“The principle that a child should have as much contact as possible with each parent remains a part of the court’s best interests considerations. However, the Divorce Act’s previous reference, in the heading to the relevant section, to “maximum” contact has been removed. However, the operative terms in the section remain the same.
Whether “as much contact as possible” or “maximum”, the notion of ensuring that a child enjoys as much contact with each parent as is consistent with their best interests remains an important consideration for the determination of their parenting time.
The present provision, s. 16(6) states:
Parenting time consistent with best interests of child
(6) In allocating parenting time, the court shall give effect to the principle that a child should have as much time with each spouse as is consistent with the best interests of the child.
The previous provision stated:
Maximum contact
(10) In making an order under this section, the court shall give effect to the principle that a child of the marriage should have as much contact with each spouse as is consistent with the best interests of the child and, for that purpose, shall take into consideration the willingness of the person for whom custody is sought to facilitate such contact.
Whether this change in the heading is merely semantic remains a point to be argued.
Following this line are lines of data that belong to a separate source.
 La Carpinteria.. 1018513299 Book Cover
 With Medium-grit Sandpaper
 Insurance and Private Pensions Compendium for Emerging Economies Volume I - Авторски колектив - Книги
The point was not raised before me. However, I note that in Rigillio v Rigillio, 2019 ONCA 548, the Court of Appeal for Ontario found that a court’s failure to advert to what was then the maximum contact principle represented an error in law. Any judge who departs from the principle must provide reasons for doing so. Implicit in that principle is the notion that those reasons must be in a child’s best interests.
Despite the changed wording of the heading and any potential implications, it remains necessary for any court making a parenting decision to avert to the s. 16(6) principle.”